Daha önce bahsettiğinde bir silahı olduğunu duymuştum. Burada olmalı. Bu odada. Aramdaki tek engel bu kapı ve ardındaki o şey. Lanet olsun !. İlkinde şansım beni kurtardı. Ama bu sefer bunu yapamam. Cesaret edemiyorum. Ama elimdeki tek şey bu. Bir silah bulursam... En azından elimde kendimi koruyabileceğim bir şey olur... Kapının deliğinden baktım. Evet yanılmamışım. içeride. yürüyor. Ara sıra yerde duran kemikleri yiyor. Kemikler... Oğlunu yiyor. 1 hafta önce ders çalıştırdığım çocuk yerde vücudunun çoğu yenmiş şekilde yatıyor. Ne güzel bir manzara !. Kapıyı yavaşça açıp kafasına bıçağı saplayacaktım. Planım buydu. Kolu yavaşça aşağı indirdim. Kapının aralığından baktım. Hala yerdeki artıkları kemiriyordu. Arkasından yaklaşıyordum. Yer kan içinde. Kaygan. Dengemi bozmadan ilerledim. Hayatında et bile kesmemiş olan ben tüm gücümle elimdeki büyük bıçağı ensesine sapladım. Yere yığıldı. Ama hala hayattaydı. İzlediğim filmler bana kafasına ateş etmemi söylüyordu. Bir kez daha filmleri dinledim. Bıçağı sol şakağından beynine sapladım. İnanılmaz. ellerim deli gibi titriyordu. 2 zombi öldürmüştüm. Böceklerden korkan ben. ölüm korkusu insana neler yaptırıyor. Hemen kapıyı kapattım. Davetsiz bir misafir şu an en son beklediğim şey olurdu. Odayı aramaya başladım. Bulduğum havluyla ellerimi temizledim. Yatağın yanındaki çekmeceleri didik didik aradım. Odanın her yerini aradım. Yatağın altında bulduğum kilitli kutuyu açmam lazımdı. Şifreli. Ne koymuş olabilir ki ? adamı tanımıyordum, Evlilik yıldönümünü ya da doğum gününü bilmiyordum. Elimdeki tek silah lanet bir kutunun içinde açılmayı bekliyordu.

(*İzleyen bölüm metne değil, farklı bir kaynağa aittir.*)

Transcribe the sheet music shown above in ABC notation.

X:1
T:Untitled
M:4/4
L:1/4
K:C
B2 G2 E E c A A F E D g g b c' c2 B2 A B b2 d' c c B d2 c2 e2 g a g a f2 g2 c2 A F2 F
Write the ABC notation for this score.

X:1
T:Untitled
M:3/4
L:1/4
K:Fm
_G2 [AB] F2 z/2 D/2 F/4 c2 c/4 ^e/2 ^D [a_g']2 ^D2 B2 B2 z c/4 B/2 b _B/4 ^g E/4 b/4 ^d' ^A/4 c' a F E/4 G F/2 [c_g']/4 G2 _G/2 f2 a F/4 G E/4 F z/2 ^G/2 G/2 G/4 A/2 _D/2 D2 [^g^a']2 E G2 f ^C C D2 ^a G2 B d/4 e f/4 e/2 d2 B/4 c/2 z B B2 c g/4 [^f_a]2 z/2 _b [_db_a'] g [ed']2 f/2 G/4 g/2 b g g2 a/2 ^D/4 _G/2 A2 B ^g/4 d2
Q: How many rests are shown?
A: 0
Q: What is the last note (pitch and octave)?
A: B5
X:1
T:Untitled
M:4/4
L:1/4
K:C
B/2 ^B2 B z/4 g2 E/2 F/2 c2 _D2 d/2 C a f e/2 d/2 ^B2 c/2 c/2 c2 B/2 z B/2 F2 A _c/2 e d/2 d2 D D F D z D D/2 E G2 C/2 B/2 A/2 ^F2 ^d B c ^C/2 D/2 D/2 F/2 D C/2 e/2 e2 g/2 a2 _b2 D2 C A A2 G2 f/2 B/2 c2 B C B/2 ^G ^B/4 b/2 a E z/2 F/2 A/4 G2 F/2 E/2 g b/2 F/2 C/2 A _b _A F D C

Yerde yatan kemikler.. Oğlu.. Bir adamın en değerli varlığı oğlu.. Doğum yılı. Söylemişti. Sormuştum.. Ders çalıştırırken.. Evet 1998.. Şifre bu.. Kutuyu açtım karşımda bir silah. Hayatımda hiç silah kullanmamıştım ama çok oyun oynamıştım. En azından mermisine bakmayı ve emniyetini açmayı akıl ettim. Şimdi sırada ne var.. Şimdi sırada ne var.. Kendime en çok sorduğum soru bu oldu. Bir an önce bu binadan çıkmam gerekiyordu. İçimdeki korkunun soğuk soğuk terlettiği vücudumu taşımakta zorlanıyordum. Ancak silah bana güç veriyordu. Nolursa olsun elimde bir güvence vardı. Ne yapmalı ? Yürüme mesafesiyle 10 dakika ötede kız arkadaşım oturuyor. Oraya gitmem gerek. Gitmeliyim. Buna mecburum binadan çıktım. Hala öğle vakti. Sıcak kemiklerime işliyordu. Gözlerimi açmakta zorlanıyordum. Yavaş yavaş ilerliyorum. Yoldan uzak durmalı. Bahçelerden atlayarak ilerledim. Hiç hareket yok. Kimse yok. Sanki bu kocaman şehirde bir tek ben kalmış gibiyim. Sırtımdaki çanta her dakika bana ağır gelmeye devam ediyor. Sanki içinde ölen tüm arkadaşlarımı taşıyor gibiyim.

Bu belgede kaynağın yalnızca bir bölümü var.